| Required action |
Your job is to return the whole listing unchanged while skipping its images.

| Dataset extract |
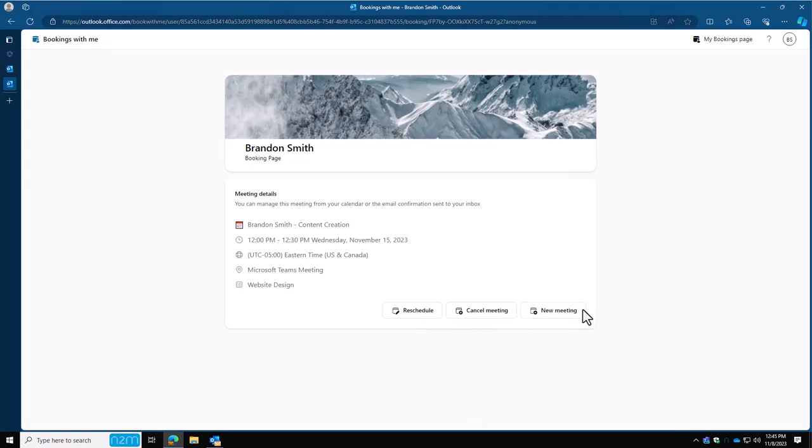That completes our tutorial today on configuring the Microsoft booking page. In our next video, we'll go over how to create company booking pages that will have multiple team members on it. So people can choose a meeting and have it picked based on everybody's availability, not just yours. Hope you enjoyed the video. Please subscribe if you'd like to see more content like this and follow us for updates. Thank you, and be safe.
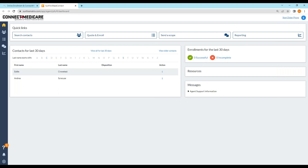Sunfire is a pretty straightforward system. Sunfire does have call recording, which you can see in the top right-hand corner — you can start a dial or phone call. Sunfire also has the ability to look up plan history, so it's like a limited version of MARS — you can see the previous plan and the current plan that a person has. To get that, all you need is their Social Security number and their date of birth.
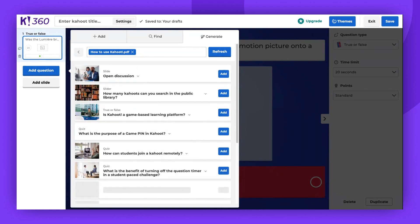Click anywhere outside of the Question Generator to return to the Kahoot creator. Then, you can continue to edit your Kahoot, modify the generated questions, add media to them, and create additional questions.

| Task response |
That completes our tutorial today on configuring the Microsoft booking page. In our next video, we'll go over how to create company booking pages that will have multiple team members on it. So people can choose a meeting and have it picked based on everybody's availability, not just yours. Hope you enjoyed the video. Please subscribe if you'd like to see more content like this and follow us for updates. Thank you, and be safe.
Sunfire is a pretty straightforward system. Sunfire does have call recording, which you can see in the top right-hand corner — you can start a dial or phone call. Sunfire also has the ability to look up plan history, so it's like a limited version of MARS — you can see the previous plan and the current plan that a person has. To get that, all you need is their Social Security number and their date of birth.
Click anywhere outside of the Question Generator to return to the Kahoot creator. Then, you can continue to edit your Kahoot, modify the generated questions, add media to them, and create additional questions.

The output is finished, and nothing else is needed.